Office vacancy rates continued to increase in Q1 2025, however with less new supply and an increasing number of office conversions, overall vacancy is projected to come down from its 9% peak mid-year 2025 to 7% by 2029 according to AEW.
Signs are beginning to emerge that CBD (Central Business District) office rental growth since 2020 is pricing out occupiers, with more affordable non-CBD submarkets looking more attractive due to value for money.

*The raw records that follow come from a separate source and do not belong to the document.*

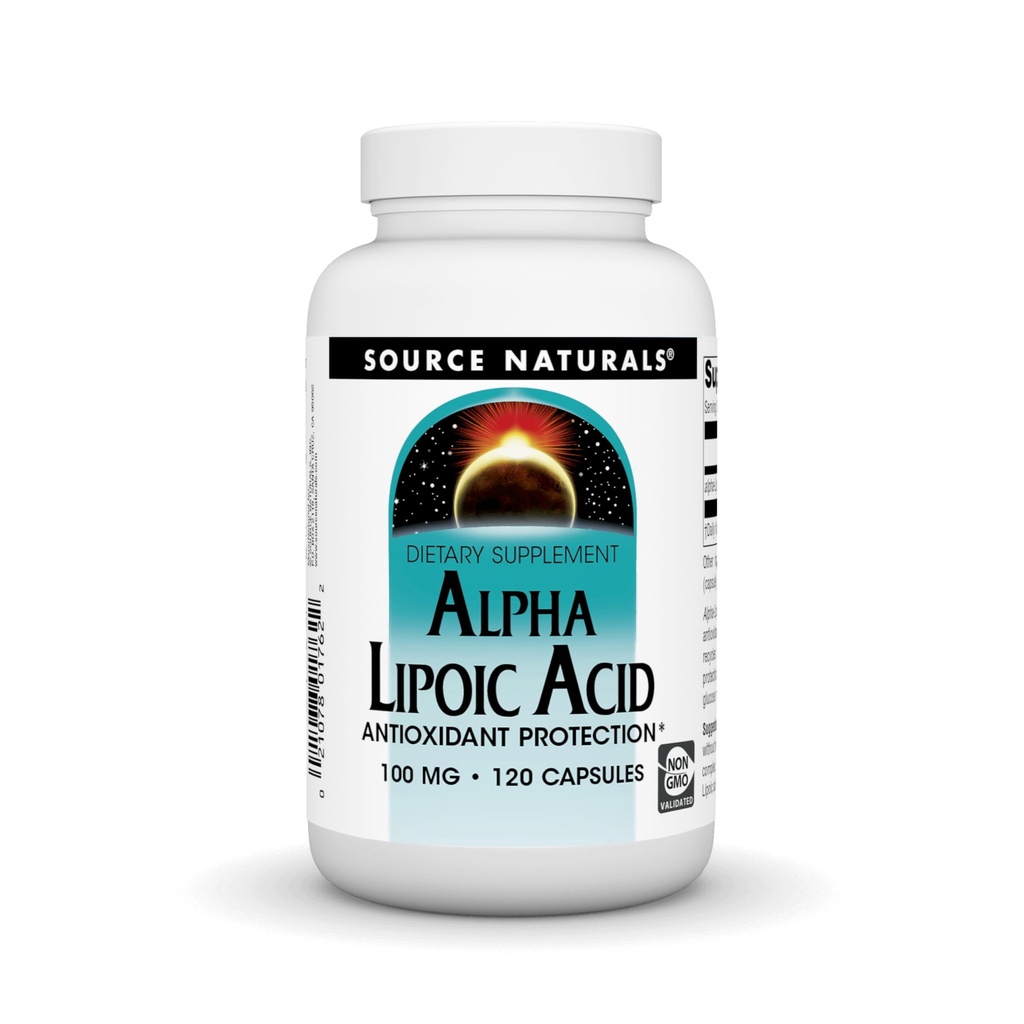 Zdroj Naturals Alpha Lipoic Acid 100 mg podporuje zdravý metabolizmus cukru, funkcia pečene a výroba energie - 120 kapsúl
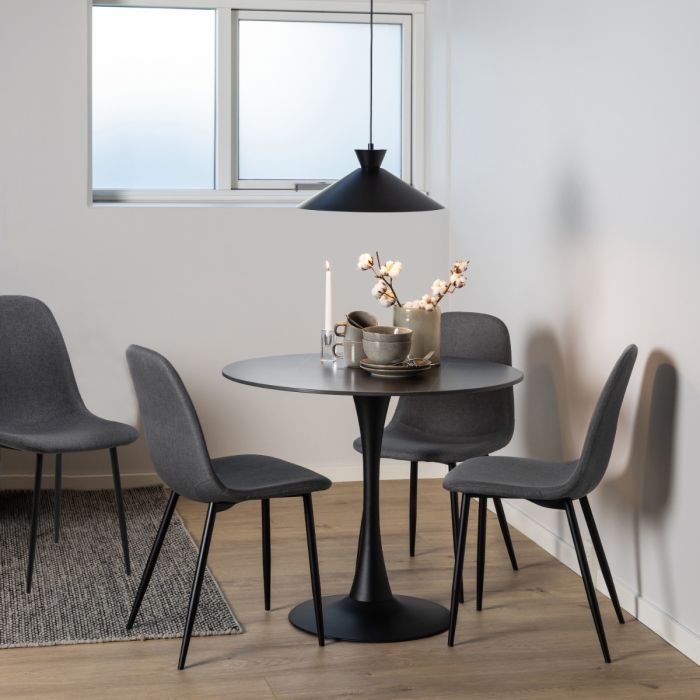 Malta Ceramic Round Dining Table in Black 90x75cm Included 4 Celia Dining Chair in Light Grey – FTG
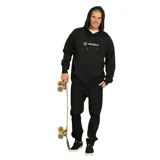 Canguro negro con capucha y logo Volcom estampado en el pecho.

Hans Vrensen, Head of Research & Strategy Europe at AEW, said: “Emerging trends, particularly the impact of generative AI, are shaping the recovery of the European office market. According to Oxford Economics, AI is expected to create higher-value jobs while automating routine tasks, benefiting cities like London, Paris, and Berlin. Additionally, 30% of office transactions in early 2025 involved conversions to other uses, a trend accelerated post-COVID that will help reduce vacancies and increase rents. The gap between CBD and non-CBD locations is closing, with rental growth forecast at 3.5% per year in five CBD submarkets, similar to the 3.3% expected in 14 non-CBD submarkets.”
In the first four months of 2025, office conversions represented more than 30% of total office transactions, up from 17% in 2024. Both up from the post-financial crisis average of 8%. Among markets, the highest 2020-24 shares of office conversion transactions have been recorded in Frankfurt & Madrid, with the lowest in Paris and Munich.
Average 2025-29 prime rental growth is expected to reach 2.8% p.a. across all 61 covered European office submarkets.